The price of crude oil climbed for a seventh straight session on Friday, representing the longest bull run since April, albeit with the commodity sailing precariously close to its worst first half-year performance in 19-years.
In spite of an OPEC deal to curb production brokered earlier this year, oversupply concerns have slugged Brent crude by 16% since January – three per cent worse than the first half-year slump in 1998.
At the time of going to press Brent was trading at US$48.72 and would have to close above $46 a barrel on Friday to avoid the ignominy of eclipsing the lows of ’98.
Last week’s 10-month lows were trawled as global oversupply again weighed on the market.
News also emerged that Libya, which is exempt from the OPEC deal, had increased production to 1 million barrels a day. This failed to deter investors from exploiting the urge to buy dollar-denominated crude oil as the US dollar fell to its lowest levels in eight months.

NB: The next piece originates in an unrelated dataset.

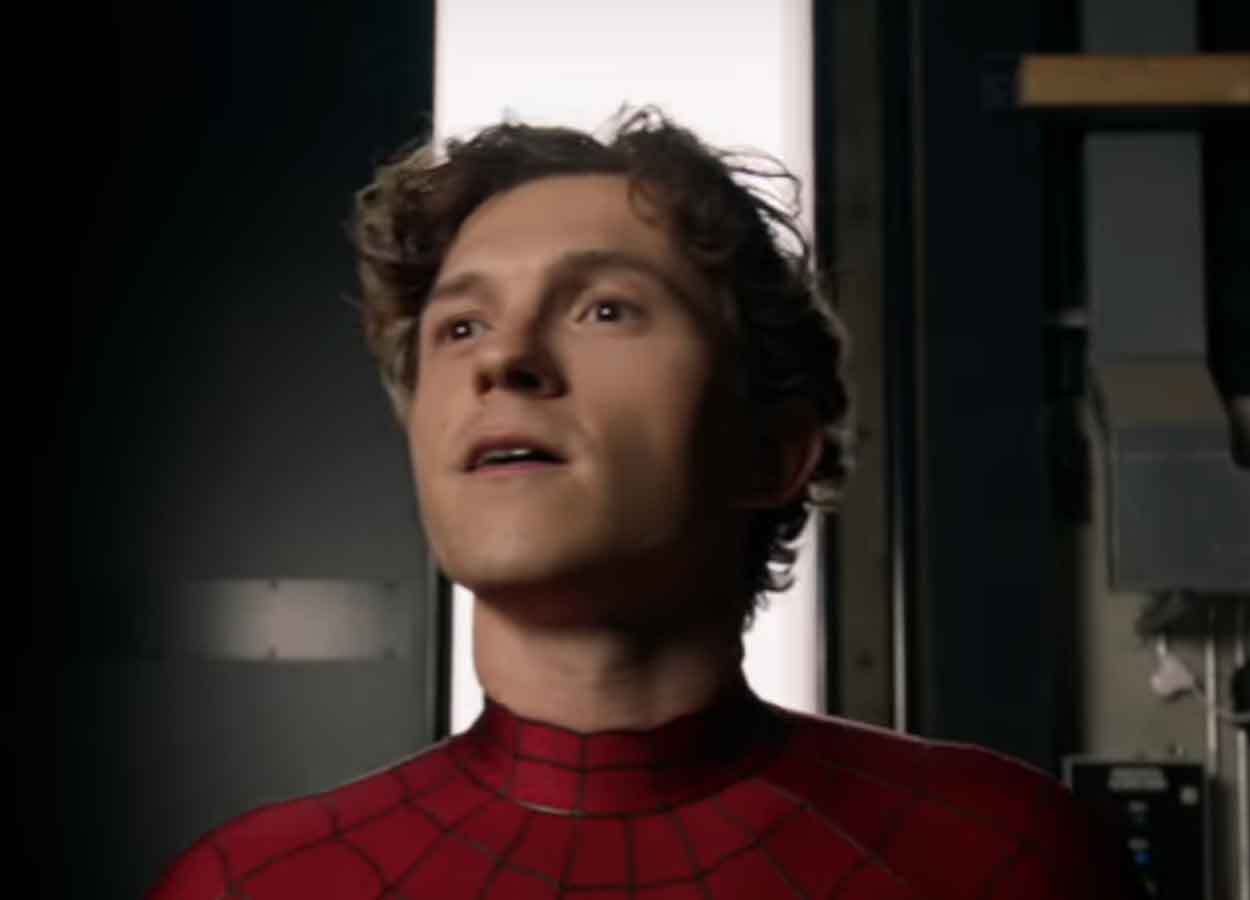 traje entero de tom holland en spider-man 4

Bank of America Merrill Lynch have cut forecasts for average Brent prices from $54 to $50 a barrel and WTI from $52 to $47.
The banks analysts said in a report that rising output from Libya, Nigeria and US shale in tandem with weaker demand growth pointed to greater oversupply that was previously expected.
“With output set to rise further, our oil supply/demand balances now point to average deficits of 210,000 in 2017 and 90,000 in 2018,” the bank said.